What You Need To Know:
GRACIE is a well-acted, ultimately heartwarming story, but the scenes of a rebellious 16-year-old girl going out to a bar with her girlfriend and seeing older boys are uncomfortable. Though her father intervenes in the nick of time, until that point, these scenes may seem adventurous to some teenagers. A stronger moral focus would have helped.
(B, P, C, Pa, PC, Fe, Ho, LL, V, S, N, A, D, MM) Light pro-family worldview with a lightly positive view of American life and a brief reference to Christianity at a funeral, plus some mixed pagan elements, light politically correct, feminist view about giving girls a chance to play sports that supports the federal government getting involved, and heroine’s girlfriend complains that she doesn’t want to be tagged a “lesbian” because her friend plays soccer; 13 obscenities and two light profanities; boys deliberately hit and trip girl when she tries to play soccer with them; teenage kissing and teenage girl lies about her age and ends up in the backseat of a car with a college-age boy, but her father intervenes; upper male nudity; underage alcohol use when the drinking age was 18; smoking; and, teenage rebellion is not rebuked enough, teenage girl sneaks out of the house and lies about her age to get into a bar when the age limit was 18, and family tension.
GRACIE is a sports drama about a teenage girl who has trouble when she wants to try out for the high school boys’ soccer team.
Set in the late 1970s, the movie opens with her older brother, Johnny, failing to beat the school rival during penalty kicks. Later that night, Johnny dies in a traffic accident while out with his friends.
The family, of course, is devastated by Johnny’s death. Gracie tries to make them feel better by announcing that she plans to honor her brother’s memory by trying out for the boys team and winning the championship next year. Gracie’s announcement only makes her father more upset. Gracie is hurt and tries to find solace by hanging out with the wrong crowd and sneaking into bars.
Happily, her father catches his only daughter before she makes a fatal mistake. He agrees to train Gracie and help her get into the tryouts for the boys soccer team. Other obstacles stand in Gracie’s way.
Actress Elisabeth Shue and her brother, Andrew, star as the mother and a coach in GRACIE, which is directed by her husband, who also directed AN INCONVENIENT TRUTH. The Shues come from a soccer-playing family and wanted to do something in memory of their older brother, Will, who died in an accident in 1988.
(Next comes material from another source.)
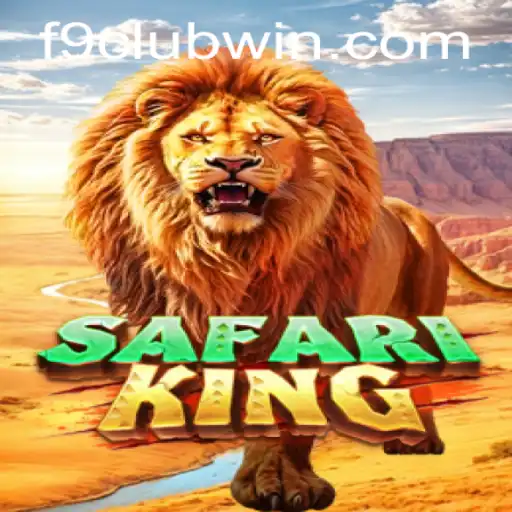 Discover the Thrills of SafariKing with F9CLUB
GRACIE is a well-acted, ultimately heartwarming story, but the scenes of a rebellious 16-year-old girl going out to a restaurant and bar with her girlfriend and seeing older boys are uncomfortable. Though her father intervenes just in the nick of time, until that point, these scenes may seem adventurous to some teenagers. A stronger moral focus would have helped. The discipline and involvement that the father finally provides in the story hits a snag later in the story when school officials at first deny Gracie’s request to try out for the boys’ team. Parents need more help with restraining their teenagers’ passions than this movie provides.
Some viewers may also be bothered that the movie pays tribute to Title IX, the ill-conceived federal law that has given girls the chance to play more school sports but that has also deprived some boys from being able to participate in some sports.